Walk-through: The artifact is presented to the team by its creator, who leads and controls the discussion. Here, education is the goal, and the focus is on learning about a single document.
Inspection: This more formal process is a detailed analysis in which the artifact is checked against a prepared list of concerns. The creator does not lead the discussion, and the fault identification and correction are often controlled by statistical measurements.
A wise engineer who finds a fault can deal with it in at least three ways:
· by learning how, when, and why errors occur
· by taking action to prevent mistakes
· by scrutinizing products to find the instances and effects of errors that were missed
Peer reviews address this problem directly. Unfortunately, many organizations give only lip service to peer review, and reviews are still not part of mainstream software engineering activities.

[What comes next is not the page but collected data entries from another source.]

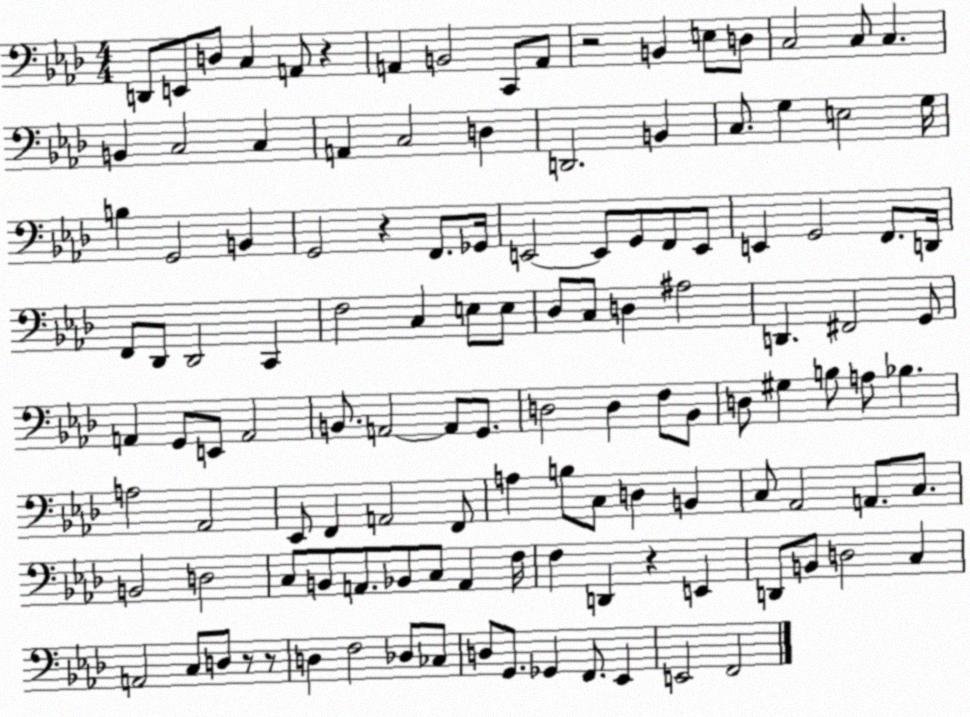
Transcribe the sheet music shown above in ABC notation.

X:1
T:Untitled
M:4/4
L:1/4
K:Ab
D,,/2 E,,/2 D,/2 C, A,,/2 z A,, B,,2 C,,/2 A,,/2 z2 B,, E,/2 D,/2 C,2 C,/2 C, B,, C,2 C, A,, C,2 D, D,,2 B,, C,/2 G, E,2 G,/4 B, G,,2 B,, G,,2 z F,,/2 _G,,/4 E,,2 E,,/2 G,,/2 F,,/2 E,,/2 E,, G,,2 F,,/2 D,,/4 F,,/2 _D,,/2 _D,,2 C,, F,2 C, E,/2 E,/2 _D,/2 C,/2 D, ^A,2 D,, ^F,,2 G,,/2 A,, G,,/2 E,,/2 A,,2 B,,/2 A,,2 A,,/2 G,,/2 D,2 D, F,/2 _B,,/2 D,/2 ^G, B,/2 A,/2 _B, A,2 _A,,2 _E,,/2 F,, A,,2 F,,/2 A, B,/2 C,/2 D, B,, C,/2 _A,,2 A,,/2 C,/2 B,,2 D,2 C,/2 B,,/2 A,,/2 _B,,/2 C,/2 A,, F,/4 F, D,, z E,, D,,/2 B,,/2 D,2 C, A,,2 C,/2 D,/2 z/2 z/2 D, F,2 _D,/2 _C,/2 D,/2 G,,/2 _G,, F,,/2 _E,, E,,2 F,,2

But there are compelling reasons to do reviews. An overwhelming amount of evidence suggests that various types of peer review in software engineering can be extraordinarily effective. For example, early studies at Hewlett-Packard in the 1980s revealed that those developers performing peer review on their projects enjoyed a significant advantage over those relying only on traditional dynamic testing techniques, whether black box or white box. Figure 3 -19 compares the fault discovery rate (that is, faults discovered per hour) among white-box testing, black-box testing, inspections, and software execution. It is clear that inspections discovered far more faults in the same period of time than other alternatives. This result is particularly compelling for large, secure systems, where live running for fault discovery may not be an option.

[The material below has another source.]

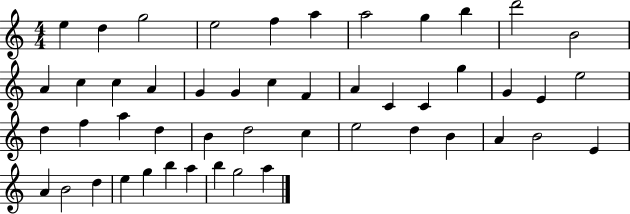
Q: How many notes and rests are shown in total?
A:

Researchers and practitioners have repeatedly shown the effectiveness of reviews. For instance, Jones [JON91] summarized the data in his large repository of project information to paint a picture of how reviews and inspections find faults relative to other discovery activities. Because products vary so wildly by size, Table 3-6 presents the fault discovery rates relative to the number of thousands of lines of code in the delivered product.
The inspection process involves several important steps: planning, individual preparation, a logging meeting, rework, and reinspection. Details about how to perform reviews and inspections can be found in software engineering books such as [PFL01] and [PFL06a].
During the review process, someone should keep careful track of what each reviewer discovers and how quickly he or she discovers it. This log suggests not only whether particular reviewers need training but also whether certain kinds of faults are harder to find than others. Additionally, a root cause analysis for each fault found may reveal that the fault could have been discovered earlier in the process. For example, a requirements fault that surfaces during a code review should probably have been found during a requirements review. If there are no requirements reviews, you can start performing them. If there are requirements reviews, you can examine why this fault was missed and then improve the requirements review process.
The fault log can also be used to build a checklist of items to be sought in future reviews. The review team can use the checklist as a basis for questioning what can go wrong and where. In particular, the checklist can remind the team of security breaches, such as unchecked buffer overflows, that should be caught and fixed before the system is placed in the field. A rigorous design or code review can locate trapdoors, Trojan horses, salami attacks, worms, viruses, and other program flaws. A crafty programmer can conceal some of these flaws, but the chance of discovery rises when competent programmers review the design and code, especially when the components are small and encapsulated. Management should use demanding reviews throughout development to ensure the ultimate security of the programs.